During the Russian Conquest of Central Asia, Tsarist troops seized and liquidated the Khanate of Kokand, turning it into a vassal state. Khudayar Khan initially took a pro-Russian stance but was forced into exile, leaving his palace behind. The property was looted.

During the Bolshevik Revolution, Kokand and from 1917-18 had an anti-Bolshevik Provisional Government. When the Bolsheviks did take control of the city in 1918, they demolished the majority of the palace, including all of the harem, leaving just 19 original rooms out of nearly 120.

Description
The palace stands within landscaped gardens in the centre of Kokand. The total site is four hectares, and the original building was 138 m long and 68 m wide. The main entrance is 5 m above ground level and accessed via a ramp. 

The entire facade is richly tiled, with a mixture of geometric patterns and inscriptions. Above the gateway, an Arabic inscription reads “High Palace of  Seid Muhammad Khudayar Khan”. The use of yellow and green in the colour scheme makes this building distinct (and dates it later) than the mostly blue and turquoise monuments found elsewhere in Uzbekistan.

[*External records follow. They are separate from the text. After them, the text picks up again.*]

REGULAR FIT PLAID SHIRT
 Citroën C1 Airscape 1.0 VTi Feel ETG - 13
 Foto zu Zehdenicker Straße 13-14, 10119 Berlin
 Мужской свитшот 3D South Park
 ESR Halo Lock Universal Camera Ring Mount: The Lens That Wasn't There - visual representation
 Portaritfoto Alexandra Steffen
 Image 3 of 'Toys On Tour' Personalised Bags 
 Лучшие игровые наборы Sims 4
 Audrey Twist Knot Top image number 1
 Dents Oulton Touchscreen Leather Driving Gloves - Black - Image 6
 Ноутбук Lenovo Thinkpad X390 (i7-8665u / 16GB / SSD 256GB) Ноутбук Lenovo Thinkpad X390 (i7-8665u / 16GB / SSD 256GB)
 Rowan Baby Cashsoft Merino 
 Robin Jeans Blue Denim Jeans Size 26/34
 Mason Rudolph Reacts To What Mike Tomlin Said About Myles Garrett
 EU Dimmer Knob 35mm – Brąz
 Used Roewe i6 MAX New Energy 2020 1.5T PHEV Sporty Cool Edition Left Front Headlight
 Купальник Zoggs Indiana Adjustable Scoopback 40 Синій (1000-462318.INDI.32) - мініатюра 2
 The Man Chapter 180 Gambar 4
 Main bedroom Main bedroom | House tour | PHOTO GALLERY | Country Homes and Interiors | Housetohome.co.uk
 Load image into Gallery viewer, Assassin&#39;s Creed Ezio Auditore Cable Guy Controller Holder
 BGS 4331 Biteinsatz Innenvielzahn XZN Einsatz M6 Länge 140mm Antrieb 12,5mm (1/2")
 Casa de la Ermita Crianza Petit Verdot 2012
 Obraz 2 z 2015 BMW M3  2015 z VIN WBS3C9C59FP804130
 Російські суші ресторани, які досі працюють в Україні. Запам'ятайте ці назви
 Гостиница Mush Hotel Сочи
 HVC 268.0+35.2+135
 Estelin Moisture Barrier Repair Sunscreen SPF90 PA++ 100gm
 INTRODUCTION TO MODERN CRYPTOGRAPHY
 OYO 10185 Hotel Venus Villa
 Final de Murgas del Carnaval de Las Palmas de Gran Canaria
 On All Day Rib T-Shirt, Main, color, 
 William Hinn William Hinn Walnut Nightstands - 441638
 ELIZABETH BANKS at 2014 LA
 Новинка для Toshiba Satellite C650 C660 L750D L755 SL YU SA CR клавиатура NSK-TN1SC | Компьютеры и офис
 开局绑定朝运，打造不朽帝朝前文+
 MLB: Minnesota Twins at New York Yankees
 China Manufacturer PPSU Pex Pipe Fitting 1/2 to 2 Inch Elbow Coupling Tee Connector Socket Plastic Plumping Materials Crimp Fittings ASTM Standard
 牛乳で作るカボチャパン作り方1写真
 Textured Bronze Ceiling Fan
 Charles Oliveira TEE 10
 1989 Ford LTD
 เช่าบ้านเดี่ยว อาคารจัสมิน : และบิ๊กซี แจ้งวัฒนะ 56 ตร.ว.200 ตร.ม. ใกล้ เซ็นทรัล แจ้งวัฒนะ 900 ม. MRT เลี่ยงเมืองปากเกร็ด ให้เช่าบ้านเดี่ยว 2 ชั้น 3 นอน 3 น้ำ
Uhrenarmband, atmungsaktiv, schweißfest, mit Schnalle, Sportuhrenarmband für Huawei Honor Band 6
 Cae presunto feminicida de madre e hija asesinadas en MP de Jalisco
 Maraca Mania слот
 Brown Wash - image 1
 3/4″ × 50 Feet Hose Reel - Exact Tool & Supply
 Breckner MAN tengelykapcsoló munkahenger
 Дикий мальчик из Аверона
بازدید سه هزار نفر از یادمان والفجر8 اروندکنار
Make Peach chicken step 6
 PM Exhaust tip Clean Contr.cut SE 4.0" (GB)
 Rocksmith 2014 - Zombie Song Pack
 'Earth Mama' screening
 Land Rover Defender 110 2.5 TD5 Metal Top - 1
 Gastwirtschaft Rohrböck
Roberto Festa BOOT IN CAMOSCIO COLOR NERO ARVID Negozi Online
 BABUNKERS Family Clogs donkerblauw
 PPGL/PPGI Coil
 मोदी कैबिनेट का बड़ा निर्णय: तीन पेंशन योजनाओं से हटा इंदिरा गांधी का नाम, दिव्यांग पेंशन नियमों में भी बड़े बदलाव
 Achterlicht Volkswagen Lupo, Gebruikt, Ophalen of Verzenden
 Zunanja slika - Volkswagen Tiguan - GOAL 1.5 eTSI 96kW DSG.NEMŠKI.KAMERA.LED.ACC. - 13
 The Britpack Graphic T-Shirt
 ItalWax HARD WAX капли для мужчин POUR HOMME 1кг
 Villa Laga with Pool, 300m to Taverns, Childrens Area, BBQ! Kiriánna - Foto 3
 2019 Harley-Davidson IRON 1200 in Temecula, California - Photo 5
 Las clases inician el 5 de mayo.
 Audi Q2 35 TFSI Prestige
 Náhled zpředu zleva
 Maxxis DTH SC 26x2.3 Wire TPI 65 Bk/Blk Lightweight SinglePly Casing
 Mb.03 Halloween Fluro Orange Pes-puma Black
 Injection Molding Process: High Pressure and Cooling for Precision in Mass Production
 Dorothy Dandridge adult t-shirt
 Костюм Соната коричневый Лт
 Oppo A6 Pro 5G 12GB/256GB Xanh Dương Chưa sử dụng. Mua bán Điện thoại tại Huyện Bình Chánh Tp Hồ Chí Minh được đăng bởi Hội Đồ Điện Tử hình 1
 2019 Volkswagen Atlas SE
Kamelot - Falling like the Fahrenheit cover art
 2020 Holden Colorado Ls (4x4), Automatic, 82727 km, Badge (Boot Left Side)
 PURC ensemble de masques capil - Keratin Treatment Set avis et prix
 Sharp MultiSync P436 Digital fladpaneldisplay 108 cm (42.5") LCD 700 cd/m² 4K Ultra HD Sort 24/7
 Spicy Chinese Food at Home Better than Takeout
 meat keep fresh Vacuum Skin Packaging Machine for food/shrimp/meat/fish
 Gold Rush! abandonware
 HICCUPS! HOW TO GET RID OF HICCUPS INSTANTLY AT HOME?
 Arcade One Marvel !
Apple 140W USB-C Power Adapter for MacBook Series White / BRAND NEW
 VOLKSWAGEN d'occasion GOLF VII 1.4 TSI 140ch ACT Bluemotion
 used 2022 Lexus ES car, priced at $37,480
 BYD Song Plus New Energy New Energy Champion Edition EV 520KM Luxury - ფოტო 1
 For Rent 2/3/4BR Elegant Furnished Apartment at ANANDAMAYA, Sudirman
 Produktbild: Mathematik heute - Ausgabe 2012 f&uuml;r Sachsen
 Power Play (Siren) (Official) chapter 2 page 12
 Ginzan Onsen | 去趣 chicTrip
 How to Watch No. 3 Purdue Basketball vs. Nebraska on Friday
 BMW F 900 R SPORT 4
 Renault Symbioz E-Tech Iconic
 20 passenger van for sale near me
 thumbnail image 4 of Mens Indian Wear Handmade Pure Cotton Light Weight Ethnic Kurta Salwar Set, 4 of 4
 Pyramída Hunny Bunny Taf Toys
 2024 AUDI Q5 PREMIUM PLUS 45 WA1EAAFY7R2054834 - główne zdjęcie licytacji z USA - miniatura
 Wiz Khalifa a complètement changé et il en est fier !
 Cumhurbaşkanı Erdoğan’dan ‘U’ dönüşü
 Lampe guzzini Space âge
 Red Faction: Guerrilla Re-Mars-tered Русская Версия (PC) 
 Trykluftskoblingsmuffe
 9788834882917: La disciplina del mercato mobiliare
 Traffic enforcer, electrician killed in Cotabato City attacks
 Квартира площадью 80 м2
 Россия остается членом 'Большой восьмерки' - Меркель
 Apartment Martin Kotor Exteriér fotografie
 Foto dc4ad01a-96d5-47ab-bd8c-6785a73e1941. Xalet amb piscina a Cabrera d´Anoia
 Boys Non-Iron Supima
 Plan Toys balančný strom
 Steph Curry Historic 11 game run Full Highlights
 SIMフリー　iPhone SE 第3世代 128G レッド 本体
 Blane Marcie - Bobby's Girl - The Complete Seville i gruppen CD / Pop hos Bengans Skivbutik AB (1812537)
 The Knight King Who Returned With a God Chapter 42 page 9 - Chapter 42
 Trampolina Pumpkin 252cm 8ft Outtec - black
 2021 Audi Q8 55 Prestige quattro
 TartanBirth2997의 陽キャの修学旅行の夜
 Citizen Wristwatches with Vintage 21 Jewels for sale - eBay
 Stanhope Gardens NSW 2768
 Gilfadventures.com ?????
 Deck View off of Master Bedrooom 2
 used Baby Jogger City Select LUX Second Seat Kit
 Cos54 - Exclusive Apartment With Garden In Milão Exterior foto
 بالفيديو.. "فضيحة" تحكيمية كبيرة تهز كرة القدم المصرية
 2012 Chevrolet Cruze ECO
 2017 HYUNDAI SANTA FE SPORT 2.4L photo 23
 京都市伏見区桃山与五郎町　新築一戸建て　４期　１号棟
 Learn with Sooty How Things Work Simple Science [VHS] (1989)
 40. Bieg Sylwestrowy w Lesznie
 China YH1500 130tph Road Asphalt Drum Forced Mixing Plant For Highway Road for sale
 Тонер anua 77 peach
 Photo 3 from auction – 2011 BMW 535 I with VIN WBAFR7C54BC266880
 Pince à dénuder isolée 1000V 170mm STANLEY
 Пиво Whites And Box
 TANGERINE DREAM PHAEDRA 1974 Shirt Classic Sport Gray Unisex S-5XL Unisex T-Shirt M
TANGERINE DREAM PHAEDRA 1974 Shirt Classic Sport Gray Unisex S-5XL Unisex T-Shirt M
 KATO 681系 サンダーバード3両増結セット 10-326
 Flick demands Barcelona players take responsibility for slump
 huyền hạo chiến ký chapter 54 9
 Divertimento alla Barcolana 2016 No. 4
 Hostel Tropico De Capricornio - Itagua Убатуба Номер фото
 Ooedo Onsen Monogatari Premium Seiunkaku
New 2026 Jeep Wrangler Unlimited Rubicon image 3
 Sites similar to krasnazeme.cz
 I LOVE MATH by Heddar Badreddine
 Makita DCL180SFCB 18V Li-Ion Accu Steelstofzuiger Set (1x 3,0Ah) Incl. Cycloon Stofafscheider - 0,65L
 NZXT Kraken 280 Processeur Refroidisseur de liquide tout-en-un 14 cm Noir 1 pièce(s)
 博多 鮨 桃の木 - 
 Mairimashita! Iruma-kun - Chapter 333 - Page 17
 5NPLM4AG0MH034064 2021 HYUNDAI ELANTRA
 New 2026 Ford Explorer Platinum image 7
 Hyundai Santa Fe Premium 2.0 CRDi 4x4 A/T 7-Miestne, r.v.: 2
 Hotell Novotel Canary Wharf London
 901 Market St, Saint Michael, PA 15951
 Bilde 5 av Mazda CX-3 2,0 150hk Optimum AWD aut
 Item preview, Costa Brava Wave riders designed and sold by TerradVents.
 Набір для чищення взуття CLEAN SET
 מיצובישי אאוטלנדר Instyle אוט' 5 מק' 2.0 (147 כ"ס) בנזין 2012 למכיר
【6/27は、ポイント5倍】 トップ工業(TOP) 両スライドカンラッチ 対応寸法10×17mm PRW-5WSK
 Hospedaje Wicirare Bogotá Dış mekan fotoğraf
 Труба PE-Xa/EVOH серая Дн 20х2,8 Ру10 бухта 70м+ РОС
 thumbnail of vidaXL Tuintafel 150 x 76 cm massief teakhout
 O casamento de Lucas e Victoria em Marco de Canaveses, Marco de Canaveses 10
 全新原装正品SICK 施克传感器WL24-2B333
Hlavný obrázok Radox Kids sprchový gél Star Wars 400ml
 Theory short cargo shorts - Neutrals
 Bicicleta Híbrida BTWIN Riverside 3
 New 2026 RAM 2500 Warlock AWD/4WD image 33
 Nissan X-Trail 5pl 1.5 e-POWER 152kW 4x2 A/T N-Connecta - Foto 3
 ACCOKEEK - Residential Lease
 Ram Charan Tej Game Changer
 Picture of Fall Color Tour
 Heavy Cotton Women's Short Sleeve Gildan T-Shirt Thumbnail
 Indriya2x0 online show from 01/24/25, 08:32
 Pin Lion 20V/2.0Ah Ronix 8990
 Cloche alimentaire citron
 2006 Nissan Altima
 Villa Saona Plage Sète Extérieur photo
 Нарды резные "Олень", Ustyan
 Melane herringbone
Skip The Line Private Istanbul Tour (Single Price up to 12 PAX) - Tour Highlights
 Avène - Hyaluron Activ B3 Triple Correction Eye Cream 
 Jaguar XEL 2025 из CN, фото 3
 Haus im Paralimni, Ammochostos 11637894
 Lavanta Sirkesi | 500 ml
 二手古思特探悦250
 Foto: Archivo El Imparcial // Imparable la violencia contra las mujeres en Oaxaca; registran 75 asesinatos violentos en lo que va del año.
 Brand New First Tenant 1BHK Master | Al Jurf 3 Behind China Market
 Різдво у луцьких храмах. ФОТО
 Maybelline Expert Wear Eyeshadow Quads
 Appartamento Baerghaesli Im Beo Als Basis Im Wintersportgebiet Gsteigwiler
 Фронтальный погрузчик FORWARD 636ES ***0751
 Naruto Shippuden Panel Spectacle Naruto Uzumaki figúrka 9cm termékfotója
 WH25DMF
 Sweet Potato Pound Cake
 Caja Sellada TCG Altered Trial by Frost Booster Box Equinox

Originally the palace had seven courtyards and 114 (or, by some accounts, 119) rooms. Of these original spaces, 5 courtyards and 19 rooms survive. Many of the interiors have been restored, and there are particularly fine examples of wood carving, panelled and painted ceilings, and wall paintings. The throne room is intact and you can sit on a replica throne: is in the Hermitage Museum in St Petersburg.

Construction
Constructed by sixteen thousand conscripted or enslaved workers using one thousand carts to transport materials, the eighty master builders designed and built an ornate structure of variegated colors and rich ornaments with geometric patterns, arabesques, and floral motifs all made from ceramic tiles and based on tales of the Orient.

Current use
Today the palace is a national monument and a museum. It is open to the public and guided tours are available. The palace is also used as a venue for many of Kokand’s festivals and events, including the biennial International Festival of Handicrafters.